For every line below, output the text exactly and leave out images.

(Dataset records Opens)

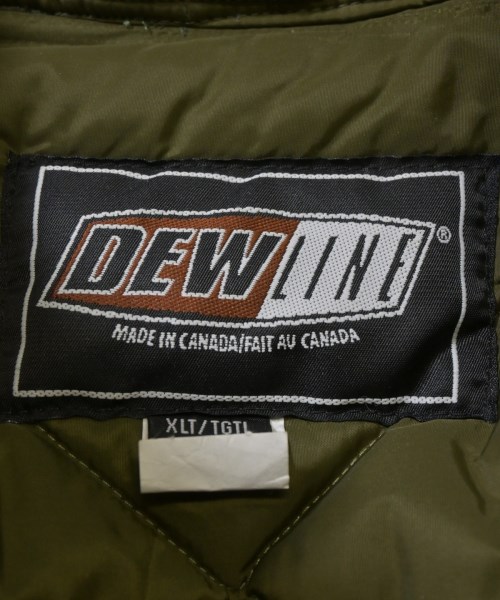 -（ソノタ）その他 カーキ サイズ:XLT メンズ/2200672071140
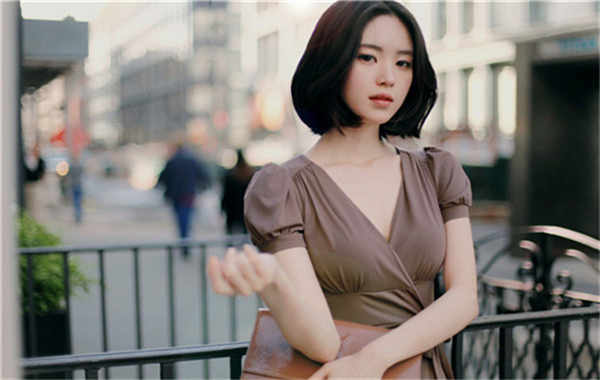 隆尧验血鉴定男女收费2900(成都有验血鉴定男女机构吗)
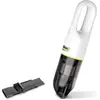 Image de Kärcher Aspirateur à main sans fil CVH 2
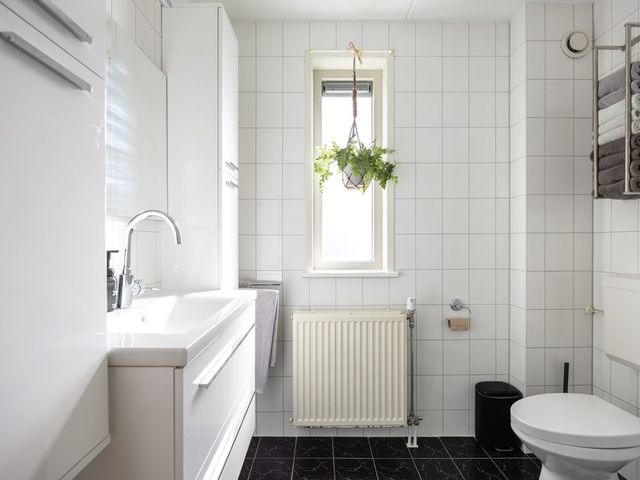 Trambaan 3, Tolbert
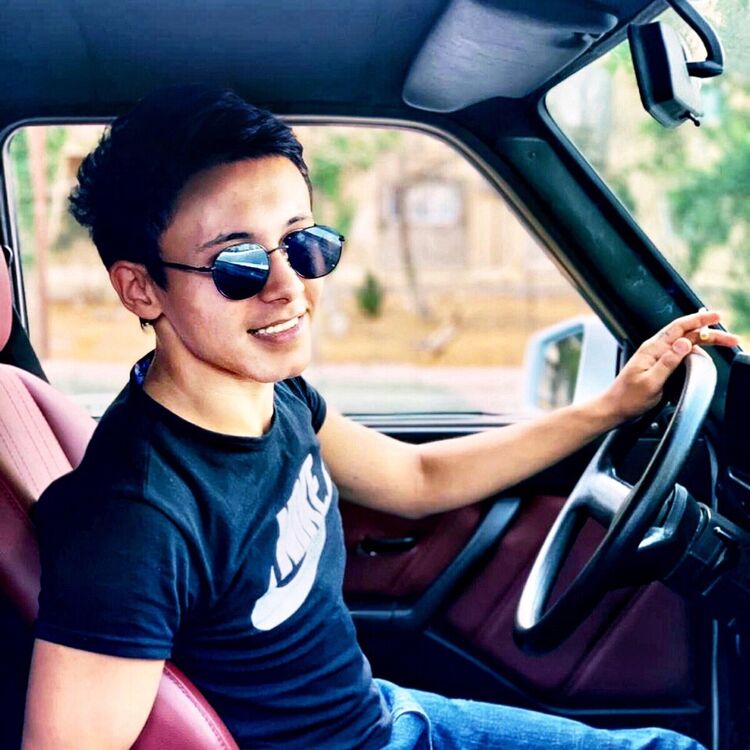 ���� 20696852 ������� Inspector, 27 ���, ���� ���������� � ����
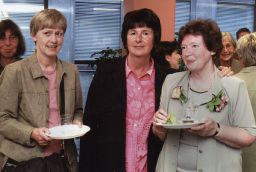 Filnamn=SMHS_Hbg0836Copp.jpg
Filstorlek=116KiB
Dimensioner=1024x688
Uppladdade datum=17 Jun 2017 SMHS_Hbg0836Copp.jpg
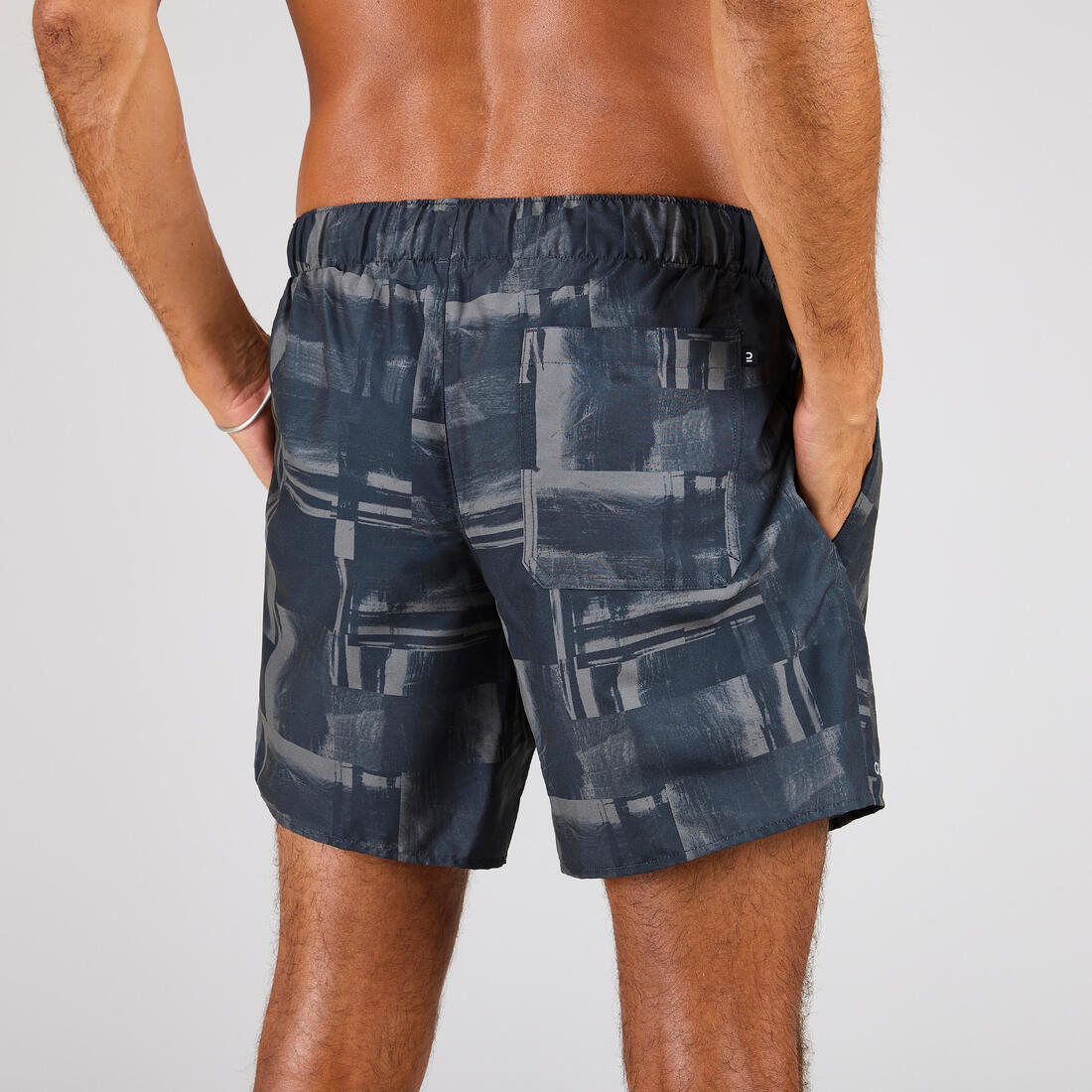 IMG_8789577_3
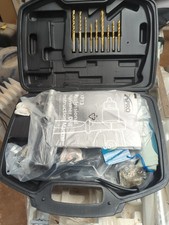 Nutool Xpro Professional Hammer Drill 1050w 240v  XP13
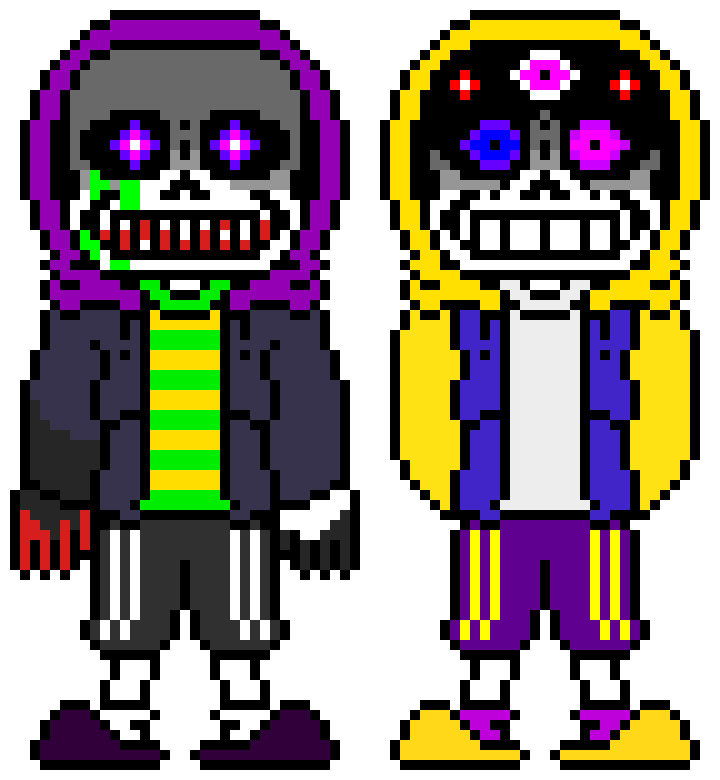 [d6b045] Terrified Deletion: *Gets in the way of Fear* I'm doing this for Matrix...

(Dataset records Closes)

Reply to the task:
 -（ソノタ）その他 カーキ サイズ:XLT メンズ/2200672071140
 隆尧验血鉴定男女收费2900(成都有验血鉴定男女机构吗)
 Image de Kärcher Aspirateur à main sans fil CVH 2
 Trambaan 3, Tolbert
 ���� 20696852 ������� Inspector, 27 ���, ���� ���������� � ����
 Filnamn=SMHS_Hbg0836Copp.jpg
Filstorlek=116KiB
Dimensioner=1024x688
Uppladdade datum=17 Jun 2017 SMHS_Hbg0836Copp.jpg
 IMG_8789577_3
 Nutool Xpro Professional Hammer Drill 1050w 240v  XP13
 [d6b045] Terrified Deletion: *Gets in the way of Fear* I'm doing this for Matrix...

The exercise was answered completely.